Description of the task => Within the listing below, how many lines contain the word "Stock"? Answer with the number only.

Available data =>

[Start of section]

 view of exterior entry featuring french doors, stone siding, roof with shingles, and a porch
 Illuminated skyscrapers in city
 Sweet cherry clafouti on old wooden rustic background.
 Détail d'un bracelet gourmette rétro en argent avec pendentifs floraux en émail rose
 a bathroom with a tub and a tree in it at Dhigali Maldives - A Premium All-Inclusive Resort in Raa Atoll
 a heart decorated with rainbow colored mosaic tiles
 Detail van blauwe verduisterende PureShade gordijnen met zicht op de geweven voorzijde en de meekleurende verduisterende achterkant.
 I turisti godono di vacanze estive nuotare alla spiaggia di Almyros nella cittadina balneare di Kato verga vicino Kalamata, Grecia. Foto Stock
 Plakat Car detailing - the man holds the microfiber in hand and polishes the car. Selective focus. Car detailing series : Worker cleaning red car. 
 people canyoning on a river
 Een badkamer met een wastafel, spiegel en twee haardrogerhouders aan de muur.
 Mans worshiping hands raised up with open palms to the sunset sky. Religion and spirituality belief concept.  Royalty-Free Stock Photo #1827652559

[End of section]

Task output => 2